Short web captions:
------------------------------------------------
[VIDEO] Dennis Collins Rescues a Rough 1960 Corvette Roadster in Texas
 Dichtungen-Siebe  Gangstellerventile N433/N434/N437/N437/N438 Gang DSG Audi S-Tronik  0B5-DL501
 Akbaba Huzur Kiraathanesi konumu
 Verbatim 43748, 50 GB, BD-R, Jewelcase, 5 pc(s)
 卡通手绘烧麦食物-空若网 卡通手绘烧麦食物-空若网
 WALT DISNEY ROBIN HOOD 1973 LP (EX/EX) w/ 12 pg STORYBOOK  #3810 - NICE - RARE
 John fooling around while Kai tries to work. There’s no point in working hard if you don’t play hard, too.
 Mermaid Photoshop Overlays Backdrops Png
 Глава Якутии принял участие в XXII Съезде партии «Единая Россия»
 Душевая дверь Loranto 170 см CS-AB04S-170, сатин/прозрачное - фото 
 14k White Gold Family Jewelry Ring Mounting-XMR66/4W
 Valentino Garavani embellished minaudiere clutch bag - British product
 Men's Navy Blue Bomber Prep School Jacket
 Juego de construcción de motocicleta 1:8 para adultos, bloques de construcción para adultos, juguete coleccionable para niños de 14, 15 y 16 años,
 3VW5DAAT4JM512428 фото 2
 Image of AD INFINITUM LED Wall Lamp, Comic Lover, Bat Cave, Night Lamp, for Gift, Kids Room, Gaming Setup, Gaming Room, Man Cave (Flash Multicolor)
------------------------------------------------
The line with "Valentino Garavani embellished" marks where to start. Transcribe from there through the final line of the records, exactly and with nothing added.

Task result:
 Valentino Garavani embellished minaudiere clutch bag - British product
 Men's Navy Blue Bomber Prep School Jacket
 Juego de construcción de motocicleta 1:8 para adultos, bloques de construcción para adultos, juguete coleccionable para niños de 14, 15 y 16 años,
 3VW5DAAT4JM512428 фото 2
 Image of AD INFINITUM LED Wall Lamp, Comic Lover, Bat Cave, Night Lamp, for Gift, Kids Room, Gaming Setup, Gaming Room, Man Cave (Flash Multicolor)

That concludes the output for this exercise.